M. le président. Par amendement n° II-3, MM. Gérard Larcher et André Diligent proposent d'insérer, après l'article 54, un article additionnel ainsi rédigé :
« I. - L'article L. 1615-2 du code général des collectivités territoriales est complété par un alinéa ainsi rédigé :
« Pour les collectivités territoriales ou leurs groupements qui comprennent une zone franche urbaine définie au B du 3 de l'article 42 de la loi n° 95-115 du 4 février 1995 d'orientation pour l'aménagement et le développement du territoire, les dépenses réelles d'investissement relatives à l'installation et à l'aménagement d'équipements collectifs à caractère culturel ou sportif situés dans ces zones, donnent lieu, à compter de 1999, sous réserve des dispositions de l'article L. 1615-7, à remboursement du fonds de compensation dès l'exercice en cours. »

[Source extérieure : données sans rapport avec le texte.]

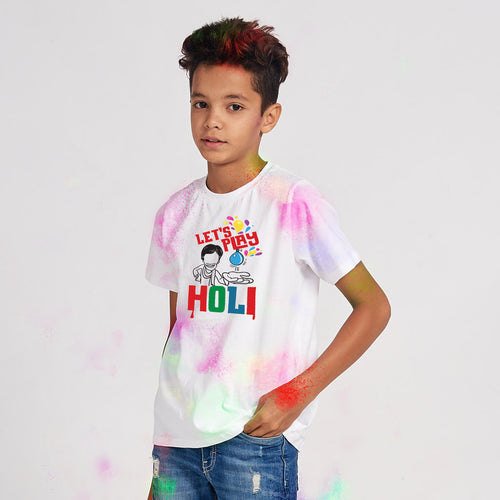 Lets Play Holi Family Tees for son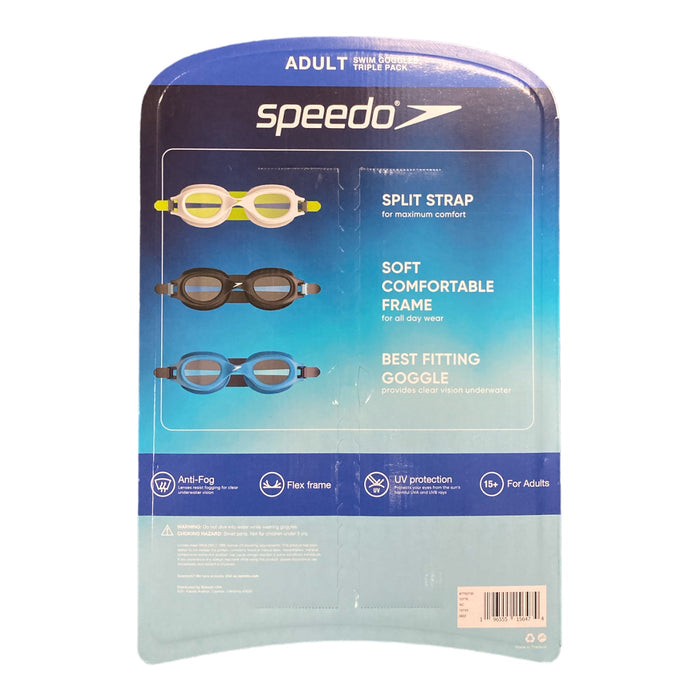 Speedo Adult Swim Goggles, Anti-fog, Flexible, UV Protection (3 Pack)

« II. - Les pertes de recettes résulant du I ci-dessus sont compensées à due concurrence par le relèvement des droits prévus aux articles 575 et 575 A du code général des impôts. »
La parole est à M. Diligent.
M. André Diligent. Le Sénat connaît l'amendement qu'avec mon ami Gérard Larcher j'ai l'honneur de lui présenter, car il a voté un amendement exactement identique le 10 octobre 1996, lors de l'examen du projet de loi relatif à la mise en oeuvre du pacte de relance pour la ville.

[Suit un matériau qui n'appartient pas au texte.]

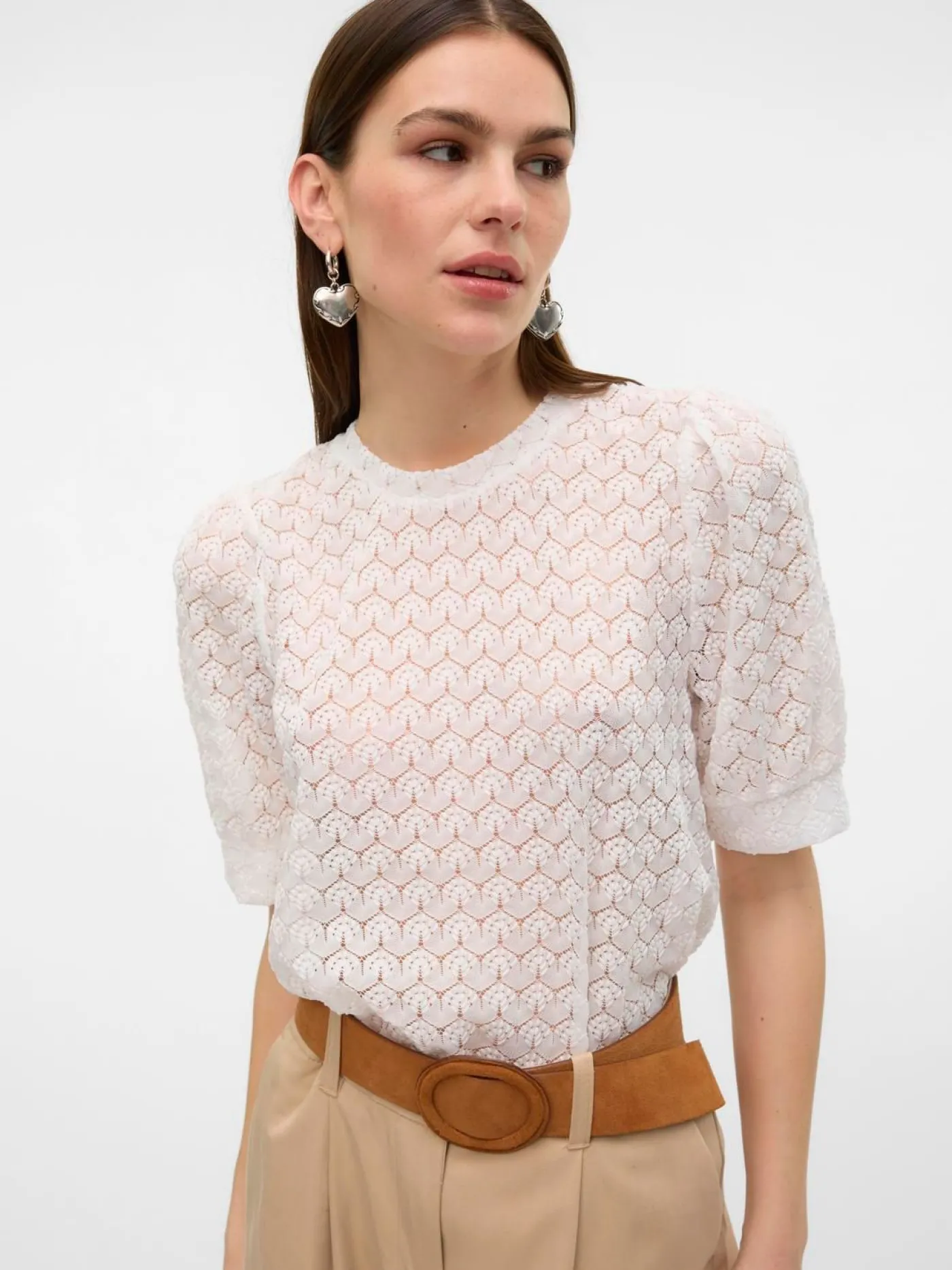 VMBECCA LACE SS O-NECK TOP JRS GA N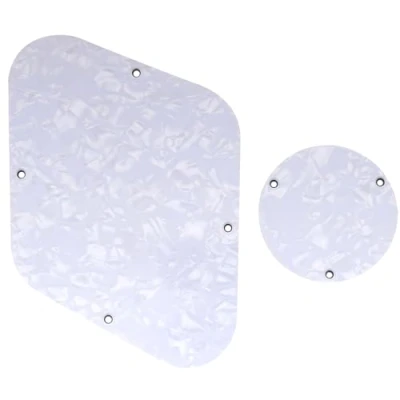 Image of Musiclily LP Control Back Plate and Rear Toggle Switch Cover Set for USA Les Paul Electric Guitar, 4Ply White Pearl
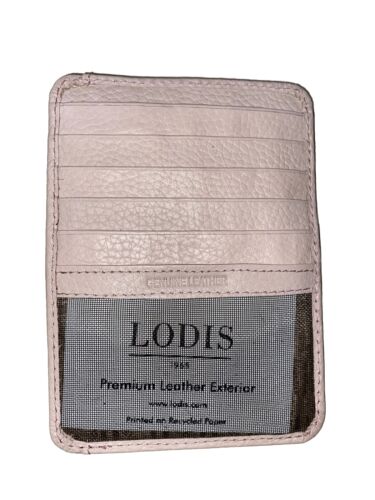 Lodis Blush Pink RFID Protection Card Case Window ID Genuine Leather Wallet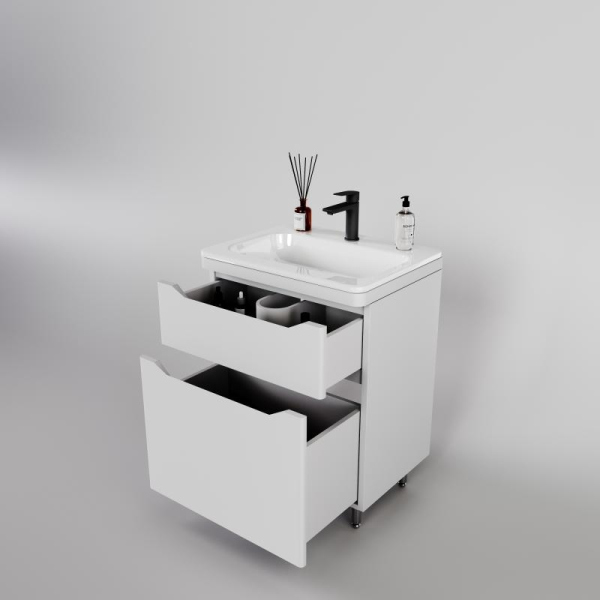 Тумба без раковины Style Line напольная "Марелла 70" (2 ящ.) белый матовый, PLUS, СС-00002398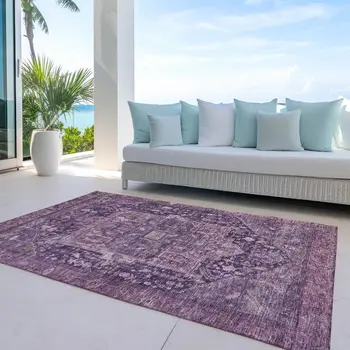 3' X 5' Eggplant Medallion Washable Indoor Outdoor Area Rug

Le Sénat avait émis un vote positif, malgré, je le précise, l'opposition du gouvernement de l'époque. Par conséquent, monsieur le secrétaire d'Etat, vous avez l'occasion de vous distinguer de ce gouvernement-là, qui n'était pas le vôtre. (Sourires.)
M. Alain Lambert, rapporteur général. Très habile !
M. André Diligent. J'espère, en tout cas, que le Sénat restera dans sa logique, car il n'a pas changé, lui ! (Nouveaux sourires.)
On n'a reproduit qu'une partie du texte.